# Buy Rv Antifreeze At ?????



## whatdayasay

Where is a good place to buy RV antifreeze ? I didn't see it at Wal-Mart today.


----------



## dougdogs

did you ask at Wal-mart?? I have always gotten mine there. They usually charge a dollar lees than RV shops.

Any super-walmarts near you?


----------



## GarethsDad

At wally world look near the auto/boating section, mine had it on the bottom shelf for $3.49 gal. I used 1.5 gals using the pump winterizing kit and had the water heater in bypass. James


----------



## 2500Ram

Wally world, 2 gallons. Did it 2 weeks ago


----------



## Lmbevard

I got mine on sale at Manards last year. Bought 6 gallons for $2 each, so have 3 gallons left from last year.


----------



## beachbum

Wally-World--Prestone RV/Marine Water system antifreeze. Didn't know they made the stuff. $4.98--ripped off??? Says RV and Marine on the bottle, so I probably got a deal!!







Anyway, says RV and is pink. I MIGHT have to use it soon!!!
david


----------



## battalionchief3

Wal-mart. I got it for around 3$ a gallon?? I did mine and used 2.5 gallons. I kinda let a lot of it flow out to make sure it is all pink, im color blind so its a little hard for me to see that is really pink, I have to look at the puddle in the bottom.

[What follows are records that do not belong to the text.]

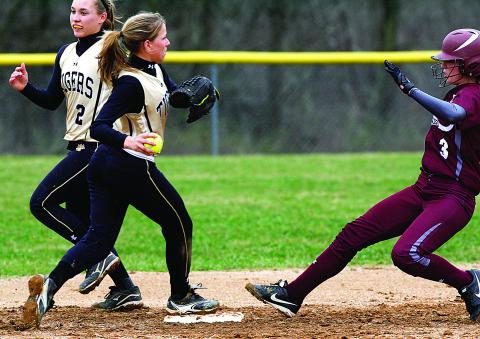 Southern Columbia's Kristen Blass, center, steps on the bag at second base as Loyalsock's Ally Pagana is called safe.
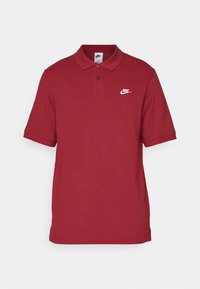 Polo-shirt en coton rouge avec un col, des manches courtes et un logo Nike blanc sur le côté gauche de la poitrine. Texture lisse.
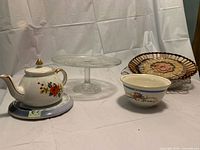 Overall view: teapot on saucer, glass cake stand, serving bowl, wicker basket with doily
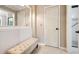 A hallway with neutral paint, a tufted bench, and access to a bathroom with a glass shower at 2796 County Line Nw Rd, Acworth, GA 30101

I plan on reusing it this time. Just go to the low point drains and fill them back up. Why would it go bad? or wear out? it just sits their. Its not like anti-freeze in your car, just reuse it. Some will be lost but I bet I get 2 gallons out of it. I have to dewinterize in Dec since were going to Fla. A pita to re-do it twice but at least it will be warm









Make sure you have one of the fittings to suck it out of the bottle using the pump, SO much easier that way. 








http://www.campingworld.com/browse/skus/in...00&src=SRQB
( the little T fitting and hose is what you need, not the whole kit)


----------



## 2500Ram

Just buy a 24 -36" flex hose for your home toilet from a home center $5 tops. It's the same thread fitting our water pumps use, unscrew the fill side of the pump put on your flex hose and then other end into the bottle of antifreeze, turn on the pump run the antifreeze through the lines and your done 20 minutes tops with a beverage break, after you've drained the low point drains and turned the water bypass for the heater and drained the fresh water tank. Don't forget about the outside shower if you have one.

my method for 3 years and counting. I actually store the flex hose behind the water pump panel so I always know where it is.

Good luck.

Bill.


----------



## Sayonara

LOWES


----------



## fspieg

Farm & Fleet $2.49


----------



## Moosegut

Depending on what part of the country you are in, Lowes may have it. When I closed up my cottage in PA I got it at lowes. If you are in an area where people winterize lake houses, cottages, camps etc., the hardware stores will carry it.


----------



## Scoutr2

The Wal-Mart nearest us is good at putting the same product in two or more places, with different prices at each place. On the shelf with the RV supplies, they had the Prestone RV Anti-Freeze marked $4.98 per gallon. But on the main aisle, they had and end-cap display with the price at $2.98 per gallon.

The end-cap on the next aisle had another brand name RV Anti-Freeze (can't recall) for $2.09. That's what I bought - and I splurged for 3 gallons. So it pays to shop around, even within the same store. (I'm not sure how the cash register might have charged with the scanner - probably the $2.98 price.) I pointed out this discrepancy out to the department manager, and I told him that I would not buy it for that price and was headed out to buy it somewhere else when I discovered the end-cap. I explained that most people would walk out with the $5.98 price displayed, because you can buy it cheaper at the dealer. He went back and immediately changed the displayed price.

Mike


----------



## tdvffjohn

Just remember the price of gas while shopping around could make the cost higher in the end


----------



## shaela21

I picked up mine at Home Depot, and I know that Canadian Tire also carries it.


----------



## boats313

I buy mine at Wal-Mart, but go in the spring when they are trying to get rid of it. I think I saw it for under 2 bucks last April.


----------